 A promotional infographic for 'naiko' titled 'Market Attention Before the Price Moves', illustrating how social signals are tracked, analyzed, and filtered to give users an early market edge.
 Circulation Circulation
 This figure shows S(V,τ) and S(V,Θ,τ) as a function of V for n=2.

**********

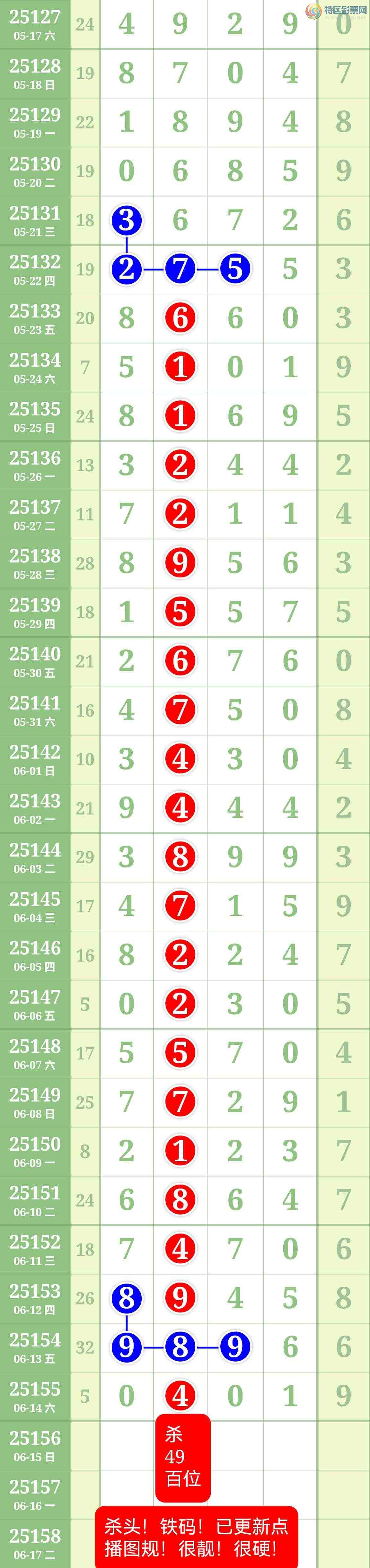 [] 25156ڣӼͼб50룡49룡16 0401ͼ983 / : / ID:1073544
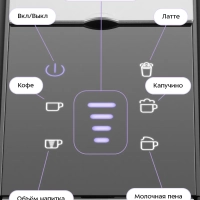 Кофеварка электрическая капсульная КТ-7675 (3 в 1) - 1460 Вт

**********

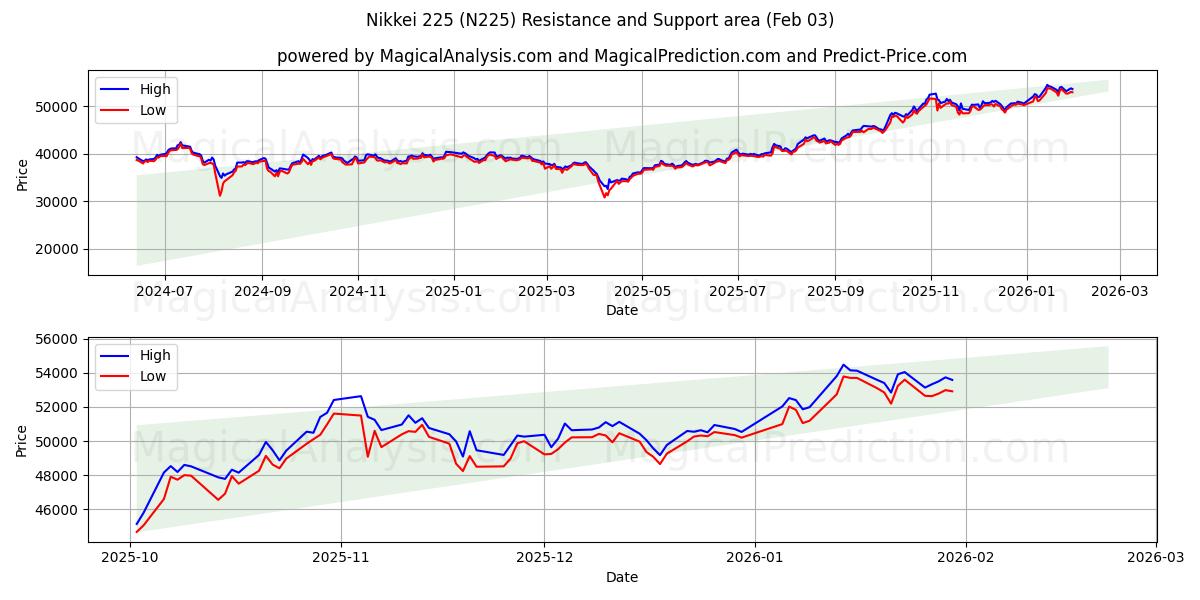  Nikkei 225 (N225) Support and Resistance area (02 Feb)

**********

WORK REQUIRED → Print from the line containing "[] 25156ڣӼͼб50룡49룡16 0401ͼ983" through the line containing "Кофеварка электрическая капсульная" in the data above, exactly as the lines stand, and omit every picture.

OUTPUT OF THE EXERCISE →
 [] 25156ڣӼͼб50룡49룡16 0401ͼ983 / : / ID:1073544
 Кофеварка электрическая капсульная КТ-7675 (3 в 1) - 1460 Вт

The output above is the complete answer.